Matt Palmer’s path to becoming an NRHA Million Dollar Rider wasn’t a straight line, it was a journey shaped by both opportunity and setbacks. Growing up around horses in Pennsylvania, Palmer’s family life revolved around reining and pleasure horses, but he also pursued baseball at a high level.
“Take the negative and there’ll be a positive at the end with it and run with it. That’s the best advice I can give to anybody that gets hurt or has setbacks.”
— Matt Palmer
From Baseball to Reining: Building Mental Toughness

Before he was making headlines in the reining pen, Palmer was kicking up dust on the baseball diamond.
“I got a scholarship to play baseball and, you know, there was a chance there that thought I was going to get drafted,” Palmer recalled.
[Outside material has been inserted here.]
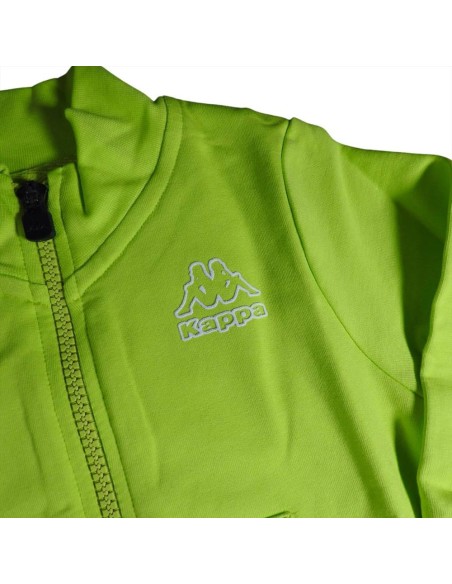 Kappa Kidz: Tuta Lime E Blu per Avventure Scintillanti  - Vendita Moda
That dream was cut short when he tore his rotator cuff as a college freshman. The silver lining? While he was sidelined in his dorm, Palmer found himself flipping through The Reiner magazine and getting pulled back into the world of reining. That pull eventually led him to an internship with Tom McCutcheon, and ultimately, a career in horses.
His baseball experience helped to shape the way he thinks about competition. The lessons in resilience and perspective prepared him for the ups and downs of the show pen.
But even with that foundation, Palmer admits setbacks still test him. After breaking his foot in a freak riding accident in 2023, he faced one of the hardest mental battles of his career. He went through surgeries and felt optimistic when the doctor said he’d be back in three months. Unfortunately, that wasn’t the case.
“Well, in my mind,” Palmer explained, “three months means I’m going to be back to riding, playing baseball, being normal. No, in three months, they’re sticking me on a treadmill, putting me in the air so I can learn how to even walk again. That hit me really tough, because in my mind, I felt like, okay, the doctor says the bones are supposed to be healed… and I’m supposed to get back to normal. It wasn’t that way, and I was not mentally prepared for that.”
Being on the sidelines longer than expected took a toll on him, but it also forced him to step back, reassess, and build a new mental framework which he began reviewing his past runs and looking at everything through a new lens.
“I think by taking that step back, it’s made me a better horse trainer this year,” he said. “I think by opening up those two perspectives it’s also made me a better person, and a better family man, too.”
Take Your Routine on the Road
Palmer believes consistency is one of the biggest mental advantages a rider can give themselves.
“The greatest athletes in any sport… have a routine,” he said. “When it comes to myself and to my horses, I try to keep a very exact routine on every single thing that I do, just like I’m at home. So when I travel, I kind of try to bring my home and my routines with me.”
For him, taking his routine on the road and keeping everything consistent, from his morning breakfast to his gym workout keeps him grounded and in the best mental state to be successful. The routine doesn’t just benefit him, it steadies his horses, too.
He stresses that the road is unpredictable—weather changes, schedules shift, and horses feel the strain, but having things that you can rely on to be the same everyday makes all the difference for him and his horses.
Why Not Us?
If there’s one phrase Palmer has become known for, it’s his motto: Why Not Us. Inspired by Cincinnati Bengals quarterback Joe Burrow, the saying is a reminder that success isn’t limited by geography, resources, or circumstance.
“I’m from the East Coast,” he said. “We all know it’s a little bit harder when you got to travel, and you got to find your ways… I hear a lot of younger people say, well, you can’t do it from the East Coast. You got to live out in Texas or Oklahoma. And, you know, I just kind of wanted to show them that, no, you can. Why not us?”
For Palmer, it’s not just a hashtag, it’s a mindset.
“If you’re a family person, you don’t want to leave your family, but you have a dream to be a million-dollar rider, you can do it,” he explained.
That belief has carried him through injury, setbacks, and the grind of the show schedule.